I'm currently reading Lonesome Dove by Larry McMurtry. That sentence alone should give you insight into my emotional state. I've empathized and connected with the panoply of characters that inhabit this tome. This engaging, dynamic, completely enthralling piece of classic American literature.


To be clear: I'm not a fan of Westerns. Even during my decade working in film production, the Western genre was a blind spot in my filmic encyclopedia. I could name the greats, but not the hidden gems, not the little pockets of cinema that held beauty solely found in Westerns.


So here I am, many years later, totally lost in the town of Lonesome Dove, relating to the characters as they traverse the wild frontier, cattle driving.
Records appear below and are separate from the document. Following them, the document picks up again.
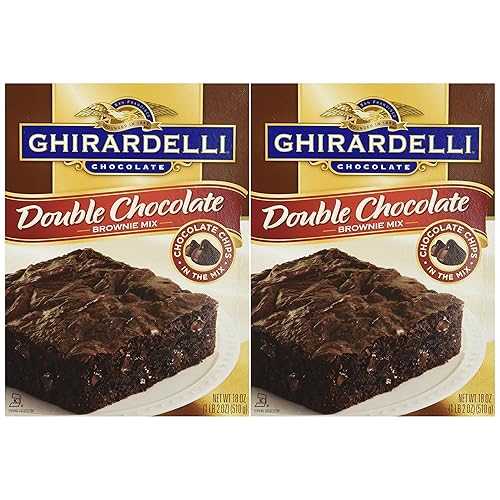 ギラデリ チョコレート ダブルチョコレート ブラウニー ミックス 18オンス (2箱) Ghirardelli Chocolate DOUBLE CHOCOLATE Brownie Mix 18oz. (2 Boxes)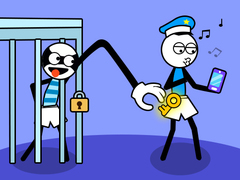 leikur Stickman Troll Thief Puzzle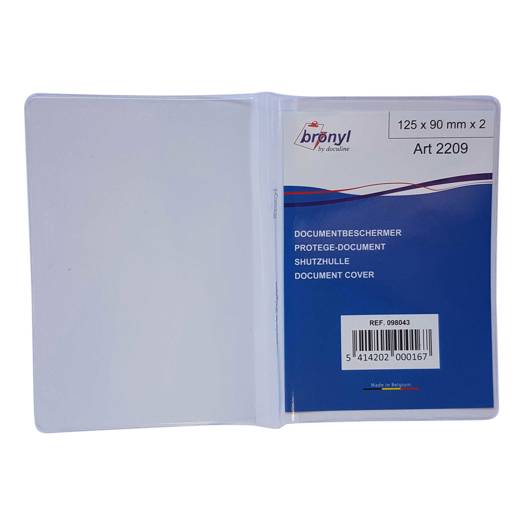 Bronyl pochette plastique125x90mm x2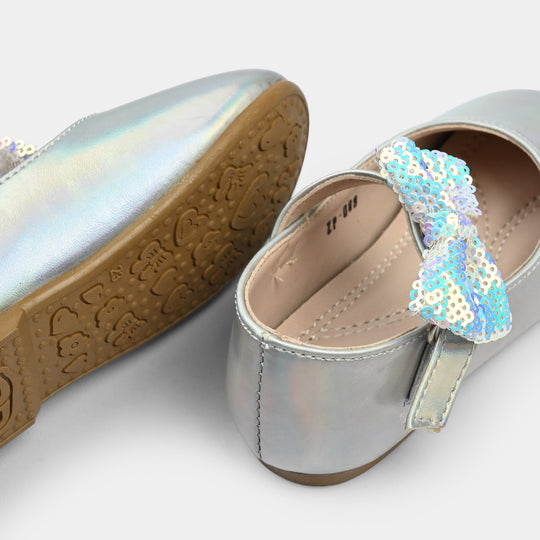 Girls Pumps ZP-089-SILVER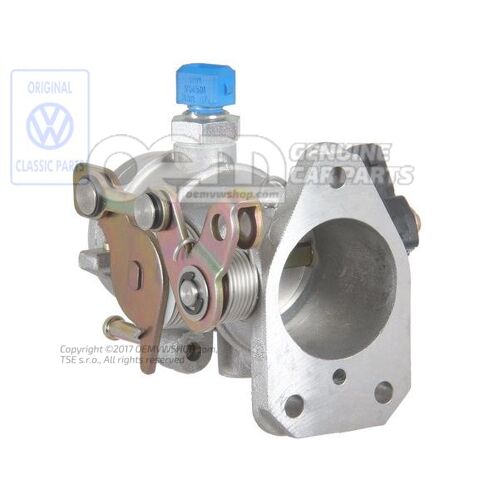 Adaptér škrtiacej klapky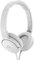 Soundmagic P22 Wired On Ear Headphones No Microphone HiFi Stereo Portable Headphone Lightweight and Foldable Comfortable Fit Noise Isolating White FD71190101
How am I, a Latina woman, never having worked the plains or ridden a horse or known the peace of a campfire on the plains of Nebraska...how am I connecting so deeply to a Western?
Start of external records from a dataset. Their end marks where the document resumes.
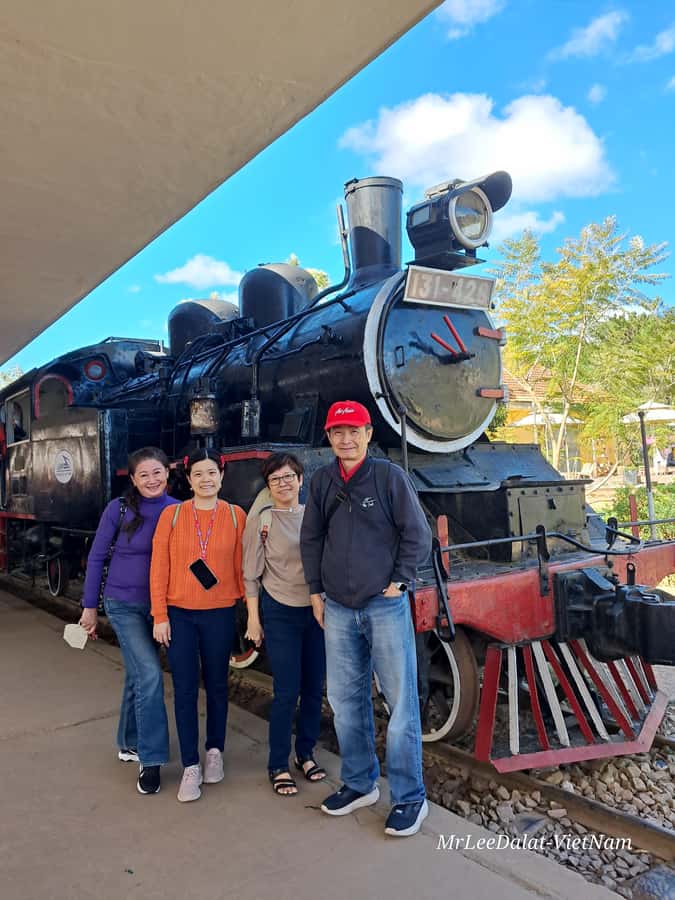 Dalat city tour by private car Combined train trip, Ziplines - Tuyen Lam Lake and Truc Lam Zen Monastery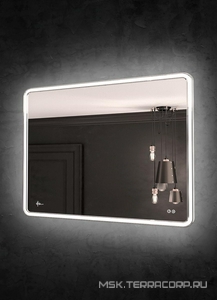 Зеркало квадратное 1200х800 мм с подсветкой и с подогревом, VENECIA (Venezia Lux) ZZ KVV Venecia VNL12080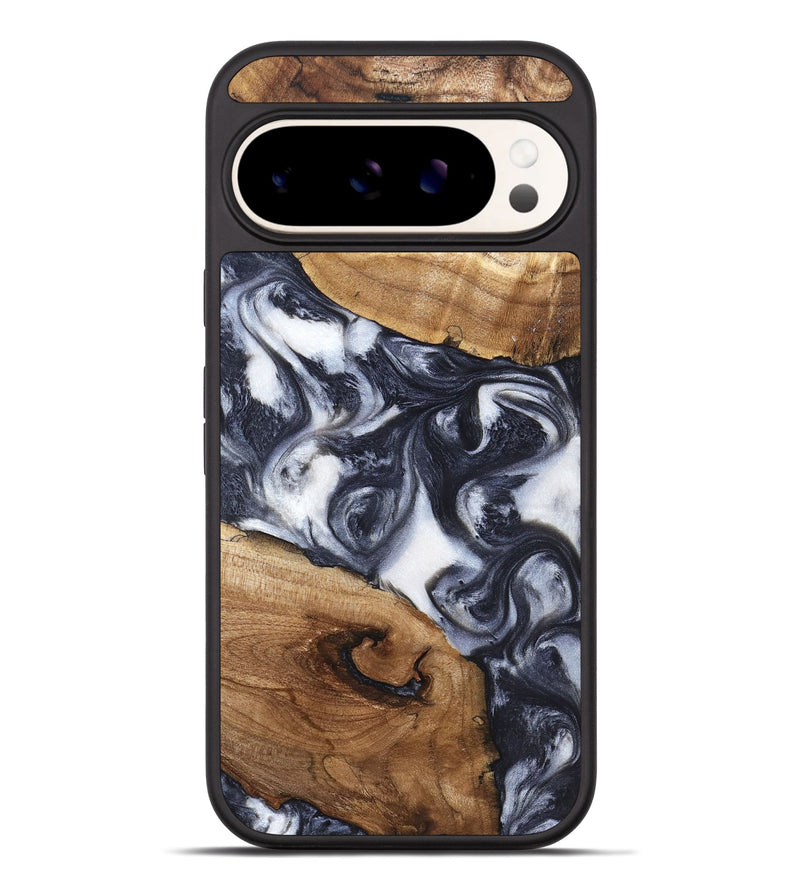 Pixel 9 Pro XL Wood Phone Case - Anais (Black & White, 819365)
It is the emotional orchestra that Larry McMurtry creates in the pages of the novel. By emotional orchestra, I mean the varying beats of the story. The varied characters, the honorable rangers who are dutiful in their work of catching bandits, murderers, and horse thieves, but the emotional grey space they inhabit when they are just being humans.


A cowboy who loves a woman from afar, that woman having survived her own spectrum of emotional trauma who suffered the bad luck of simply being a woman traveling the plains. The young man who would hope to win the pride and validation of a man he viewed as a father figure. The former ranger who had long fallen into disrepute reserving his pride for small glimmers of moments. Buffalo hunters whose barbarism knows no bounds, but others who hold undying loyalty. Sporting women and wives who run a farm in the absence of an ailing husband.
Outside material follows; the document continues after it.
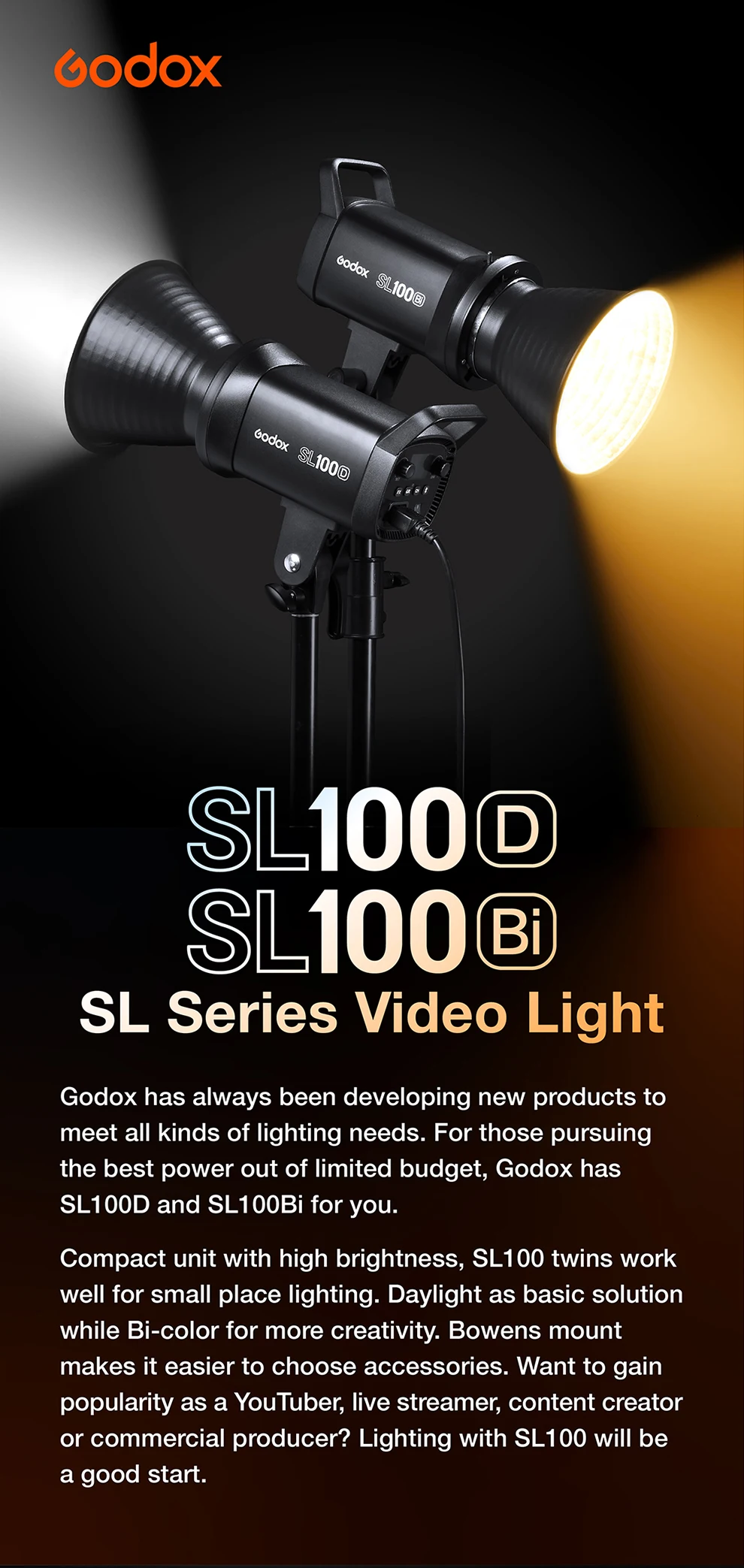 Godox Sl100d Review | Godox Led Sl 200w | Godox Led Sl100d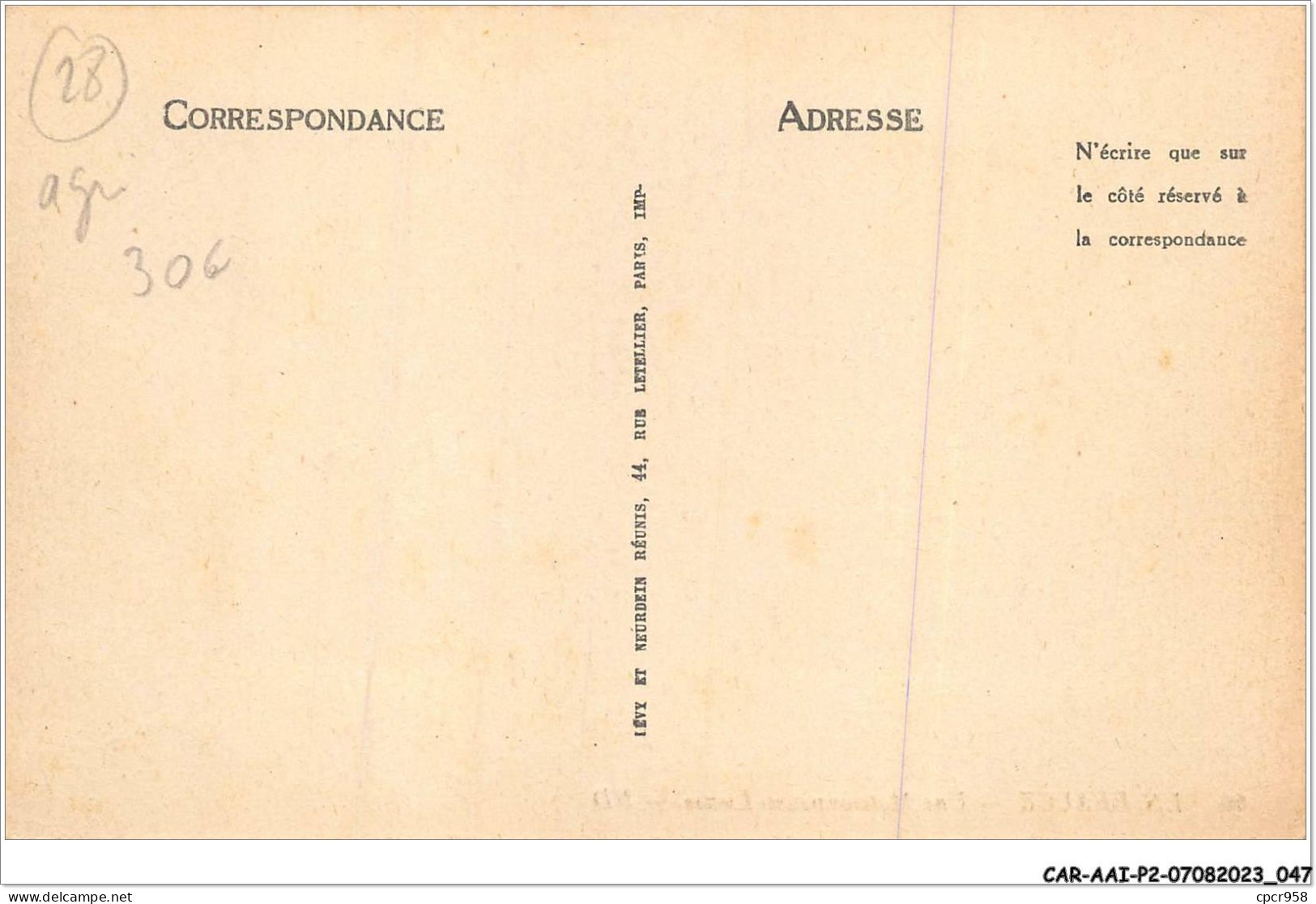 CAR-AAIP2-28-0121 - EN BEAUCE - Une Moissonneuse-Lieuse - Agriculture - Otros & Sin Clasificación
All of these characters who are three-dimensional provide leaps and bounds of emotional experiences. The comedy of errors of roping an ornery calf to the small task of crossing river turning deadly. Love stories meeting heroism meeting cowardice. Tales of men who don't recognize the simple pleasure of sitting on a porch to watch the sunset or men who want nothing more than to return home.


With Story, you want to offer varying emotional beats to your reader. Don't linger in the morose or the macabre for too long and don't shy away from the grave in order to skirt the surface with comedy that hinders connection. Instead, allow Story to reflect life. The ups and downs, the sighs of relief when realizing the danger has passed, the tightening of knuckles when danger approaches.


When Story mirrors life, with its major and minor chords, all of the sudden, we have an orchestra.